Retype exactly the stretch of lines that begins at the line containing "V-neck Suit 2024" and ends at the last line of the data, with no other lines.

■ Dataset entries
━━━━━━━━━━━━━━━━━━━━

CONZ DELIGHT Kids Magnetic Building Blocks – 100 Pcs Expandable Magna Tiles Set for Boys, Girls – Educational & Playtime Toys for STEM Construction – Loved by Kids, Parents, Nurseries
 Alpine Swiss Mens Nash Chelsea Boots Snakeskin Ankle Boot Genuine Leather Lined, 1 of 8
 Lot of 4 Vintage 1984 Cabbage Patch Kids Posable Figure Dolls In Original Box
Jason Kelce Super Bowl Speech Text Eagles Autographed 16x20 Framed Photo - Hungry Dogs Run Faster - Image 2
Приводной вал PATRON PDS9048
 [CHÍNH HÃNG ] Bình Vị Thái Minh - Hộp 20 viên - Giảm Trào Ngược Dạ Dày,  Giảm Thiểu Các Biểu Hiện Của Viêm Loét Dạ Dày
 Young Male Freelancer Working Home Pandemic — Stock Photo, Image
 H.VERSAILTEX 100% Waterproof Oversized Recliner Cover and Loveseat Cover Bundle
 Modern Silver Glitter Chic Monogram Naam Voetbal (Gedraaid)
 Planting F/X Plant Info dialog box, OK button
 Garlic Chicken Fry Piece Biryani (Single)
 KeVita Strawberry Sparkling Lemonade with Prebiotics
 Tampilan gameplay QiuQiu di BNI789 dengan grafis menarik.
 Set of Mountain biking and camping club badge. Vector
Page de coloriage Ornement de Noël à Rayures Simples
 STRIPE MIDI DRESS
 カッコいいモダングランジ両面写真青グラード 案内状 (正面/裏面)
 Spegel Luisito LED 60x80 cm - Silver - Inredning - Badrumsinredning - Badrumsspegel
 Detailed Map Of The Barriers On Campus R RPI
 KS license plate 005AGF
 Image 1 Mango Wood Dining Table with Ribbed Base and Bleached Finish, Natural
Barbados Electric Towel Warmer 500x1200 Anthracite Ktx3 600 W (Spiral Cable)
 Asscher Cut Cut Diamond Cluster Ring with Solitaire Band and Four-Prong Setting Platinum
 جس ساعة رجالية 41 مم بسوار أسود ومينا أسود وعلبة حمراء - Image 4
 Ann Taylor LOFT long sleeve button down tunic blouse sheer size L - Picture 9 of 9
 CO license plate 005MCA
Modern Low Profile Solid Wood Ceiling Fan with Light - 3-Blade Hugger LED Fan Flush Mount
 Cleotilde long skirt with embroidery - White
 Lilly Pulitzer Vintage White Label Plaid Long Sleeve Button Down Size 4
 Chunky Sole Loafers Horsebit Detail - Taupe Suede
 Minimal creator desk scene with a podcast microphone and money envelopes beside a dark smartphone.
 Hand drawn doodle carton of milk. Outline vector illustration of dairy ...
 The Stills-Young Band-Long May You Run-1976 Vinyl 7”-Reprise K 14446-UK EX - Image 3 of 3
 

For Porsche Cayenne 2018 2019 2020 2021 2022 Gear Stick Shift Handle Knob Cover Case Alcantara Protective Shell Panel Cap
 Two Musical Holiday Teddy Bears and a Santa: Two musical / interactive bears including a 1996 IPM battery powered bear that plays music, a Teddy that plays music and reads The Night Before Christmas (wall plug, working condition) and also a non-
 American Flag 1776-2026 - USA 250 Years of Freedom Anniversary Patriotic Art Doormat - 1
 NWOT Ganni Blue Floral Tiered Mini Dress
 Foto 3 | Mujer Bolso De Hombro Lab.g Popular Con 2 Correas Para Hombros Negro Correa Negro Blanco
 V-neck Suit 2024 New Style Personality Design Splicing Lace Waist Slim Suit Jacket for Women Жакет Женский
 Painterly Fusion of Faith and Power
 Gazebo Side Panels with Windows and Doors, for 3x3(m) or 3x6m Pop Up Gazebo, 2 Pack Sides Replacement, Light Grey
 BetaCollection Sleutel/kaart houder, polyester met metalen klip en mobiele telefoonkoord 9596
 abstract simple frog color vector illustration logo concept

━━━━━━━━━━━━━━━━━━━━

■ The completed task
 V-neck Suit 2024 New Style Personality Design Splicing Lace Waist Slim Suit Jacket for Women Жакет Женский
 Painterly Fusion of Faith and Power
 Gazebo Side Panels with Windows and Doors, for 3x3(m) or 3x6m Pop Up Gazebo, 2 Pack Sides Replacement, Light Grey
 BetaCollection Sleutel/kaart houder, polyester met metalen klip en mobiele telefoonkoord 9596
 abstract simple frog color vector illustration logo concept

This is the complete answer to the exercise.